# Adelaide Metro Snapper



## snowymacco (Nov 3, 2009)

Ive been fishing for over 30 years and limited opportunities, mainly due to work and having spent most of my fishing time on the Yorke Peninsula over the years chasing whiting, gar squid etc, I have NEVER caught a snapper.
Well as most Adelaide fishos would know, todays weather was perfect, so I headed out early to calm seas, very murky water, and without my landing net which I stupidly left in the car. Not good if I was going to land my dream fish. Murphysegg joined me, and after a leather jacket early and a few moves, my luck wasnt looking like it was gonna change. We went out a bit deeper but my anchor wasnt holding so I moved in a bit from Jason. I had two rods out, one whiting rig with small hooks and one unweighted bait for snapper. We'd been out for a couple of hours, and it was looking grim. I changed to cockle on the whiting rig and before long landed a nice KG. Imagine my surprise when my rod nearly disappeared over the side, considering I was using small hooks and a small amount of cockle, I called BIG whiting, after a few runs, plenty of head shakes, screaming drag etc, I had my doubts. Well, I was stoked to land my first just legal pinkie. I was rapt, but also I think relieved more than anything. I called Jason over as the whiting were still biting, I ended up with three and Jason landed a few. His snapper rod went off and after a good fight, he netted a 60cm snap. I was still having trouble with my anchor so called it a day. Jason followed a bit later but hooked another big snapper just after I left, leaving his tally to 4.
Just have to say thanks to all the people here that fish adelaide metro and post their reports, as I may never have ventured out today. Cheers. Cant wait for the next ideal day and some more snaps.


----------



## GlenelgKiller (Mar 13, 2012)

Outstanding! Congrats. Not many better feelings than a snapper run when seated in the yak.


----------



## suehobieadventure (Feb 17, 2009)

Well done nice day out.


----------



## solatree (May 30, 2008)

Congratulation SnowyM - That first kayak snapper is such a great feeling isn't it ! I still vividly remember my first legal snap and the huge whoop of joy once it was safely in the net. Such a buzz !  Plus several nice KGW - a great family meal coming up !


snowymacco said:


> Just have to say thanks to all the people here that fish adelaide metro and post their reports


 Like you, I learnt heaps from people who posted trips reports - gathering info and putting it all together. Its one of the great things about this forum.


----------



## sog (Jun 9, 2012)

well done mate
... just wondering ...
... I've worked in adelaide a few times .. generally stayed in glenelg
where do you guys fish/ launch from ?
I saw a post the other day where there were about 8 kayaks on the water so must be a usual spot 
so where do you lot fish ?
I have friends in adelaide .... might take the yak with me next time


----------



## solatree (May 30, 2008)

Sog - if you launch from Glenelg, and the conditions are right, you are in with a good chance. We've taken a while to learn about this inshore fishery, and its all about the conditions. One spot one day might fire, but the next day - you need to be some where else. The spot on the video that you saw was no good today. Condtions were not right for it. Let us know when you visit and we'll let you know what's about.


----------



## Murphysegg (Oct 21, 2010)

Good on ya Snowy. Congrats on breaking your Snapper cherry. 
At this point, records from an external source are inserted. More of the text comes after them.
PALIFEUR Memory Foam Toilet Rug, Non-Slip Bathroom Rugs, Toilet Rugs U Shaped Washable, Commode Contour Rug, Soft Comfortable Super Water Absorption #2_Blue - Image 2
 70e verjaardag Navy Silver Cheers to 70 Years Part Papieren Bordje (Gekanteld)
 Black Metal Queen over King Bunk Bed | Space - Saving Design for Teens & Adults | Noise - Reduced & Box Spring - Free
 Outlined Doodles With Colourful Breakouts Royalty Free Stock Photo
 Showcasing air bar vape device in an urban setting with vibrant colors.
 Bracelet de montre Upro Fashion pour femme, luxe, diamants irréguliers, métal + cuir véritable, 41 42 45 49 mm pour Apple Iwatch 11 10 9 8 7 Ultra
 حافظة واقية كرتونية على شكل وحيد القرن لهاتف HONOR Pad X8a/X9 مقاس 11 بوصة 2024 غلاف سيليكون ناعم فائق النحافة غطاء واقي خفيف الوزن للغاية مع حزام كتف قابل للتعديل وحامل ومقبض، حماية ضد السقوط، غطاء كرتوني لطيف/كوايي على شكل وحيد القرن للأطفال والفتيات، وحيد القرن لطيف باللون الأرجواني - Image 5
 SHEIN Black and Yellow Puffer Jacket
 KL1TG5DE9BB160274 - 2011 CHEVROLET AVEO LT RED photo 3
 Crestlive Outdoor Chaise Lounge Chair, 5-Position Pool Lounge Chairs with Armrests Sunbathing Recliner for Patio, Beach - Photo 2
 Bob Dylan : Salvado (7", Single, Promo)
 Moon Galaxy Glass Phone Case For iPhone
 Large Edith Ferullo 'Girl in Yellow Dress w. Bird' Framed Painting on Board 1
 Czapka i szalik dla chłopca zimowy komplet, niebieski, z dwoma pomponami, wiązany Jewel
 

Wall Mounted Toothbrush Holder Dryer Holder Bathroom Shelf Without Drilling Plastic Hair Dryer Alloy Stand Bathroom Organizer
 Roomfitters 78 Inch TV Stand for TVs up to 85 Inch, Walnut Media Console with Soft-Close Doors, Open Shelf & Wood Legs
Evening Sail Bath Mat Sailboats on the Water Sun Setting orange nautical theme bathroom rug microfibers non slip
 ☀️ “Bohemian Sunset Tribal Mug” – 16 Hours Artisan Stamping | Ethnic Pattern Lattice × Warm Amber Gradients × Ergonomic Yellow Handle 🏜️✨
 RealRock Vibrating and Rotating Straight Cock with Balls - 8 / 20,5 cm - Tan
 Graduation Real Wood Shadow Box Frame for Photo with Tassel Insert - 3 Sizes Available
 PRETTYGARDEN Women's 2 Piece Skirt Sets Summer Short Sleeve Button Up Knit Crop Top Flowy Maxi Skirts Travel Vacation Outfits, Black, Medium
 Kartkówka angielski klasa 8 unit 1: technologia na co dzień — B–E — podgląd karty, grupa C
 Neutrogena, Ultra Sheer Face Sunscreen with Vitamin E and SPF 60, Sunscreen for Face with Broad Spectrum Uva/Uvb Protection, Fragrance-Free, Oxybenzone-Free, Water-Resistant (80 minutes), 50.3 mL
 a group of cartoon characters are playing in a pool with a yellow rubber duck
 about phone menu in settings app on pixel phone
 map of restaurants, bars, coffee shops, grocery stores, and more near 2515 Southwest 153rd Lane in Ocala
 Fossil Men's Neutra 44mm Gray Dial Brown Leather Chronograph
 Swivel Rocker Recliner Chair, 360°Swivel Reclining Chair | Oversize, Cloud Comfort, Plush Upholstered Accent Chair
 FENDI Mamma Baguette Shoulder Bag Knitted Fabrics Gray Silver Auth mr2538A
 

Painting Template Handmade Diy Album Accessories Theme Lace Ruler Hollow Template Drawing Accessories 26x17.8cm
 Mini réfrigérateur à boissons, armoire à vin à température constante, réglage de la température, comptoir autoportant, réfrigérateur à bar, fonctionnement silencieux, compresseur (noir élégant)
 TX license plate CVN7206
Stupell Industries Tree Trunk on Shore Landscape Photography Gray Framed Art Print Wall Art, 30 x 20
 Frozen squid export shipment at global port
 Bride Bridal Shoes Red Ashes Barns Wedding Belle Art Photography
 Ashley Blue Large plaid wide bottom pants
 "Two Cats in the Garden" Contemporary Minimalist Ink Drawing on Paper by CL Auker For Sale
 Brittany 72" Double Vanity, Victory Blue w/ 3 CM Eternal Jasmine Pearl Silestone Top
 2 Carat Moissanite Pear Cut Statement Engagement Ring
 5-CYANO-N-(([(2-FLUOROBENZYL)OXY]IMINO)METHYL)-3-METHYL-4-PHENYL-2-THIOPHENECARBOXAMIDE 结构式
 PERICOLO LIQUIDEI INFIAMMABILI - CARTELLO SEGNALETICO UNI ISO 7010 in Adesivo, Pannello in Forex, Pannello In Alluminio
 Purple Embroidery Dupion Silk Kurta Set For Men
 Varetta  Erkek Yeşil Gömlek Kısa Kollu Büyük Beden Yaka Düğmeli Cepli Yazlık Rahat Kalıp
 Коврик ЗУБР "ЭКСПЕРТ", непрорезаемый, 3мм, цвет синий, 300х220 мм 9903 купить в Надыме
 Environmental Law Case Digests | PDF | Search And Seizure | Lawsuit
It was a productive day on the new Slayer -










2 @ 55 & 2 @ 66. Suprisingly the larger snaps hit on the low slack tide.

Oh & Red Mist.....bring that BCF gift card into work tomorrow. That 35cm Flatty was delicious ;-)


----------



## Squidley (May 8, 2010)

Well done Snowy, it feels so good to see a big pink silvery flash, especially the first  It must have been fun on the whiting rod. Murphysegg that flathead must've felt like the cherry on top. Interesting the low tide was at eleven and your fish are 55 and 66, I have the lab on this as we speak.


----------



## Zilch (Oct 10, 2011)

Congratulations and well done 

Steve


----------



## GlenelgKiller (Mar 13, 2012)

Squidley said:


> it feels so good to see a big pink silvery flash, especially the first


Ahhh yes, i remember it fondly like it was yesterday. Even though you have seen pictures in magazines you never really appreciate it until you have seen one in the flesh.


----------



## OldDood (Nov 6, 2008)

Good work all you guys,
There are two kinds of Yak fisherman in the world at the moment, the ones that live in Adelaide and the ones that wish they did. :lol: 
Mark


----------



## Murphysegg (Oct 21, 2010)

> Interesting the low tide was at eleven and your fish are 55 and 66, I have the lab on this as we speak.


Might check me Lottery numbers in the morning :?



> There are two kinds of Yak fisherman in the world at the moment, the ones that live in Adelaide and the ones that wish they did


Amen to that :mrgreen:


----------



## Rockster (Sep 7, 2007)

Great work snowymacco and congratulations esp you did'nt have your net. Conditions looked pretty good, surprised you couldn't get the anchor to hold or where the whiting that big! 

@Murphysegg, well done too on your haul, but probably not going to make it in the 'Tiser again this week. :lol: 
Cheers


----------



## snowymacco (Nov 3, 2009)

Rockster said:


> Great work snowymacco and congratulations esp you did'nt have your net. Conditions looked pretty good, surprised you couldn't get the anchor to hold or where the whiting that big!
> 
> Thanks to all the positive feedback, my anchor rope wasnt long enough so the line was more or less hanging straight under the yak, and I was slowly drifting, so my rigs were dragging behind me, rendering my berley trail and chances of landing fish useless, it did hold for a while and I was lucky to land the snapper and the whiting, but the rest is history, fortunately for Murphysegg he capitalised on the spot and landed his two big snapper. I was stoked for him, and I would have been in a bit of strife if I did hook a bigun without my net, fortunately my fish wasn't a monster and i was able to lift it easily over the side, it had swallowed the hook and wasnt going anywhere. When you make a few oversights, leaving net behind, not bringing out enough rigs, too short anchor rope, you can bet next time I go out those factors will be rectified. To be honest, the whiting were the first legal whiting Ive caught before on metro waters, a day of firsts.


----------